What is the maximum weight (in grams) that 15 party balloons, each filled with 2 L of helium, can lift at STP? You can assume the weight of the balloon rubber is negligible and the outside air can be treated as pure nitrogen.
To determine the maximum weight that 15 party balloons, each filled with 2 L of helium, can lift at Standard Temperature and Pressure (STP), we need to consider the buoyant force acting on the balloons.
Buoyant force is the upward force exerted on an object submerged in a fluid (in this case, air) and is equal to the weight of the fluid displaced by the object. In this scenario, the buoyant force acting on the balloons is equal to the weight of the air displaced by the balloons.
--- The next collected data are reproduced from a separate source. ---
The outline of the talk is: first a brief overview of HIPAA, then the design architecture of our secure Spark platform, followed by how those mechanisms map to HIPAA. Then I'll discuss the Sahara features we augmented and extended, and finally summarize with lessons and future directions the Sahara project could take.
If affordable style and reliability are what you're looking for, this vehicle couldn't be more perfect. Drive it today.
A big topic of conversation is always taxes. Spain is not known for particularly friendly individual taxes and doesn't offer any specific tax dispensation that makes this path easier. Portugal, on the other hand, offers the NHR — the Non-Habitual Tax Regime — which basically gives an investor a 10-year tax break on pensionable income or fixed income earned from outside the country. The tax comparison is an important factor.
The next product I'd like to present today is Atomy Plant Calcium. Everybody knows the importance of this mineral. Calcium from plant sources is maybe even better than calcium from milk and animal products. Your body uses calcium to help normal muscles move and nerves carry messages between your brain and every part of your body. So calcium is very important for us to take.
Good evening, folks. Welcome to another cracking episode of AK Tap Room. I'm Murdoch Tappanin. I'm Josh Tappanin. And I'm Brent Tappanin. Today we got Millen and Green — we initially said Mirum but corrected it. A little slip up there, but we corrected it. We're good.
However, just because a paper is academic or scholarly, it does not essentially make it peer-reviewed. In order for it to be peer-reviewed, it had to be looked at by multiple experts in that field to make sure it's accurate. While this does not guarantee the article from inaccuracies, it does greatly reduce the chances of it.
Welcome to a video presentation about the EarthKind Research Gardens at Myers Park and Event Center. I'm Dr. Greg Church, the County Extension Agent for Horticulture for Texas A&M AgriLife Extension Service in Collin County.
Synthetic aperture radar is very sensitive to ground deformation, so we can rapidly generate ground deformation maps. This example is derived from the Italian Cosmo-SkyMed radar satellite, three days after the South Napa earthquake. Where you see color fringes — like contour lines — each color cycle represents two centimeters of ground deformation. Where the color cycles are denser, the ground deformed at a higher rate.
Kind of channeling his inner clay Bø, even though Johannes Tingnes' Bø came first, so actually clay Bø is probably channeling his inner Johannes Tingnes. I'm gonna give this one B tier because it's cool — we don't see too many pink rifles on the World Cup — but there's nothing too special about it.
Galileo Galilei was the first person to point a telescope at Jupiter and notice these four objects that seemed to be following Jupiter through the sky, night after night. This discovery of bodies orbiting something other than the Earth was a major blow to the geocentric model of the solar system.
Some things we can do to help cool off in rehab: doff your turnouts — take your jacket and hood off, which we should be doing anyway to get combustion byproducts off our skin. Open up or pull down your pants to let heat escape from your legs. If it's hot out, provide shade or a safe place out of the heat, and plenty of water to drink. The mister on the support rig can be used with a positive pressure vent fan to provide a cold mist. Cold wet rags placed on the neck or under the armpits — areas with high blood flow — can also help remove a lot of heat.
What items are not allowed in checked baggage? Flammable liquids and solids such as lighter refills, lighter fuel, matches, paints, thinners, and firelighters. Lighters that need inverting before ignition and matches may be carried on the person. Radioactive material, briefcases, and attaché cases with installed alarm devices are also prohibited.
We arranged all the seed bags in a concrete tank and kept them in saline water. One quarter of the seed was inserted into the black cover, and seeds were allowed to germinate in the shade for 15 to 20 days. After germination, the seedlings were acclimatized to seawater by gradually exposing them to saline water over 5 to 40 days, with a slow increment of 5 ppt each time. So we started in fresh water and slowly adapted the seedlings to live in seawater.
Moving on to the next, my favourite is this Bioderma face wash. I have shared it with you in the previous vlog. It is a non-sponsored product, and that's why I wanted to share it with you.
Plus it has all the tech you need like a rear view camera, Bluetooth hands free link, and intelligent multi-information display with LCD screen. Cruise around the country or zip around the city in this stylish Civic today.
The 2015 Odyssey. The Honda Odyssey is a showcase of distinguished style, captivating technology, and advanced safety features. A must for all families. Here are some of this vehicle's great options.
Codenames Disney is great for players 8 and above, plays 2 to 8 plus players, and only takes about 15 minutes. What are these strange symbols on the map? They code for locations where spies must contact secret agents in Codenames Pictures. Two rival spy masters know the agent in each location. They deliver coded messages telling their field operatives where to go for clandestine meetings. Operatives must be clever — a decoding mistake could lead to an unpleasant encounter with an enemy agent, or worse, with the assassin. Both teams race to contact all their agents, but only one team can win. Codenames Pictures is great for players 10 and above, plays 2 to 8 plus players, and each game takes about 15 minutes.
Let's break down the steps to calculate the maximum weight the balloons can lift:
1. Find the weight of the air displaced by a single balloon:
- Air has a density of approximately 1.225 kg/m³ at STP.
- The volume of a single balloon is 2 L, which is equivalent to 0.002 m³.
- Therefore, the weight of the air displaced by a single balloon is: (1.225 kg/m³) * (0.002 m³) = 0.00245 kg.
2. Calculate the total weight of air displaced by all 15 balloons:
- Since there are 15 balloons, the total weight of air displaced is: 15 * 0.00245 kg = 0.03675 kg.
3. Find the weight equivalent of this amount of air:
- To find the weight equivalent, we need to divide the weight by the density of air.
- The weight equivalent is: (0.03675 kg) / (1.225 kg/m³) = 0.03 m³.
4. Convert the weight equivalent to grams:
- As 1 m³ is equivalent to 1000 L, 0.03 m³ is equivalent to 30 L.
- Therefore, the weight equivalent in grams is: 30 * 1 g/L = 30 grams.
So, the maximum weight that 15 party balloons, each filled with 2 L of helium, can lift at STP is approximately 30 grams.